*** out of ****
Directed by: Joseph Cedar
Starring: Shlomo Bar-Aba, Lior Ashkenazi, Alma Zack, Yuval Scharf and Micah Lewensohn
Running time: 106 minutes
Footnote is a quirky, colourful drama from Israel and a Foreign Language film nominee at the Oscars earlier this year. The film examines the relationship between a father and son, both accomplished Talmudic scholars in present-day Jerusalem.
The father, Prof. Eliezer Shkolnik (Shlomo Bar-Aba), spent close to 30 years researching different manuscripts of the Jerusalem Talmud, only to have another scholar, Yehuda Grossman (Micah Lewensohn), beat him to the chase and publish the same findings first.
The son, Prof. Uriel Shkolnik (Lior Ashkenazi), is a populist, favouring new methods of research and penning books about social issues in ancient times.
Both men’s offices are stacked with towers of texts, usually a signifier of knowledge, yet both men are unpractical. They know awfully little about communicating with each other.
The schism between father and son comes to a front when Eliezer is nominated for the Israel Prize, a major honour that Eliezer submitted his name for repeatedly. The conflict does not come from a jealousy between them, though, but a big misunderstanding.
The call for Eliezer was a mistake and should have gone to the other Prof. Shkolnik. Uriel learns of his triumph and the grave error from the committee chair: a crinkled, nasty Grossman – now the sealer of Eliezer’s disgruntlement for a second time.
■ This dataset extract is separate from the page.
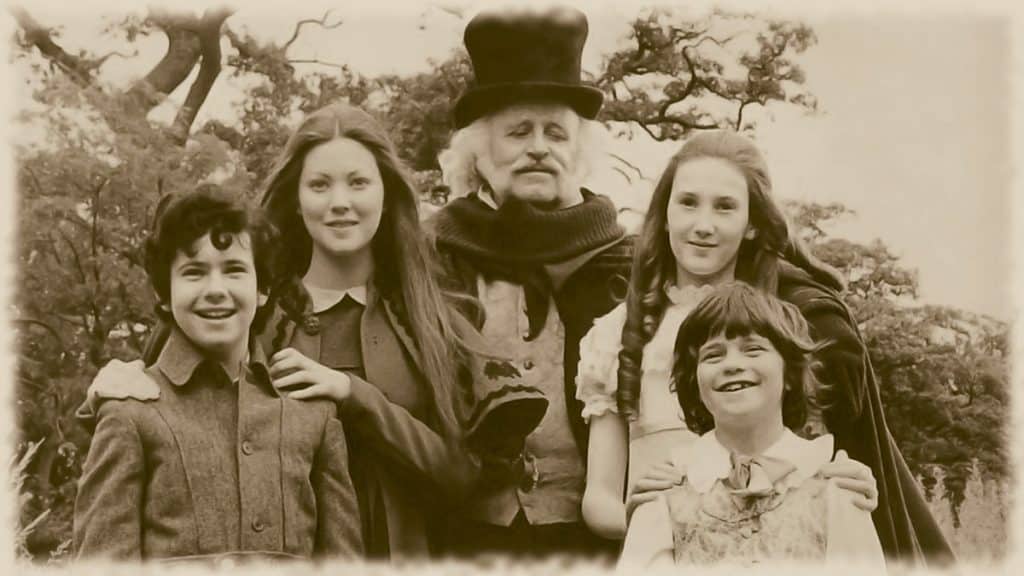 Cast photo: Garry Miller, Lynne Frederick, Laurence Naismith, Rosalyn Landor and Marc Granger on the set of The Amazing Mr. Blunden (1972)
The film is written and directed by American-born Israeli Joseph Cedar. Cedar manages to turn a film with very limited subject matter – Talmudic professorship – into a rollicking suspense-comedy, full of a cacophonous stringed score, surprising plot turns and suspenseful lead-ups to character interactions. From a subject so antiquated, a style so boldly executed is a relief.
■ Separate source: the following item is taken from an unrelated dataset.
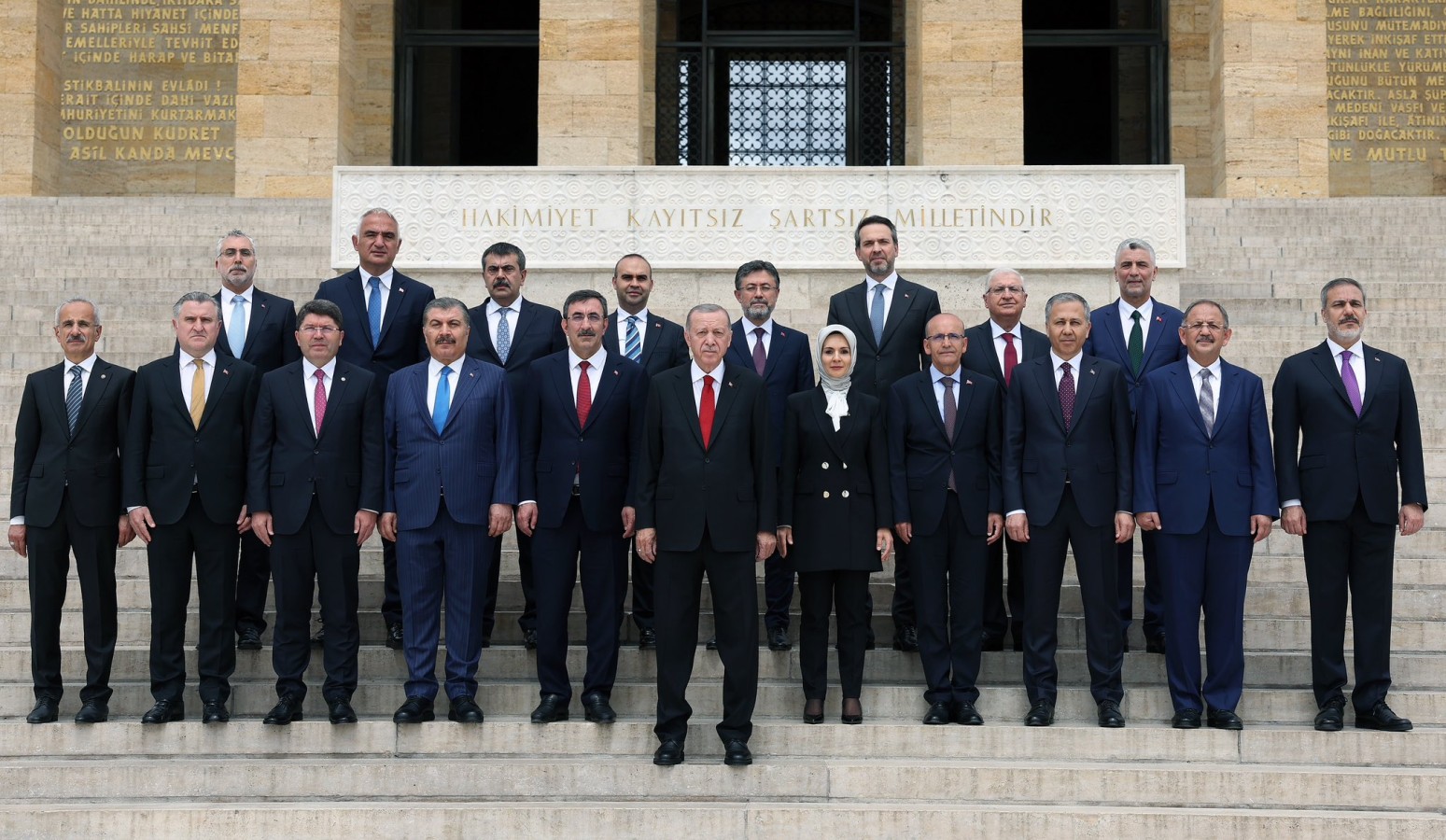 Erdoğan'dan yeni kabine üyeleriyle Anıktabir ziyareti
The film’s most creative flourish is several montages. Both father and son are introduced in slide-formatted presentations, explaining their history, professional etiquette, favourite sayings (“You cannot base evidence on fools,” Eliezer quips), and other colourful anecdotes.
Bar-Aba, known for his comic chops in Israel, is superb as the grinchy Eliezer. He is twitchy and bitter in the film’s opening scene, when Uriel picks up a prestigious recognition from an Israeli Academy.
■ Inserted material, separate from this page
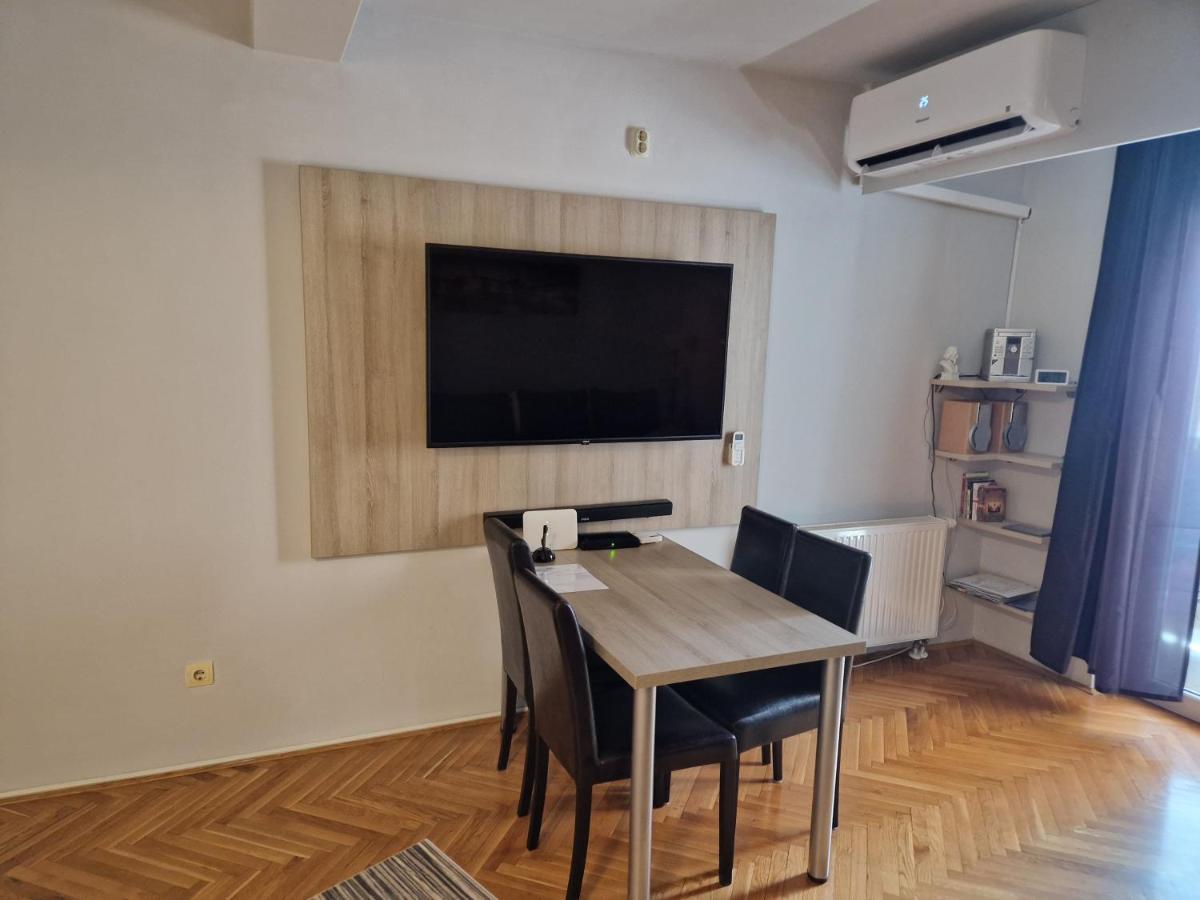 Apartment Viktor,Parking 奥西耶克 外观 照片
As Uriel thanks his father for committing him down the road of teaching, the camera doesn’t shy away from Eliezer’s stony reaction. He shuffles in his seat, looks bitter and never glances up at his son – a parental figure not full of pride but bottled rage.
He is not roused by his son’s accomplishments, which he believes are minor and superficial. Bar-Aba does a wonderful job expressing his envy without uttering a word.
However, Footnote abruptly ends with a cut to black that cops out the story instead of offering these two souls the closure they deserve. While ambiguous endings have become the popular way to tantalize an audience as the end credits roll, the film could have benefitted from explanation and not interpretation.
Moviegoers expect closure with a story as psychologically straightforward as Footnote’s. They are not as ready for interpretation when explanation will do just fine. They are not Talmudic scholars.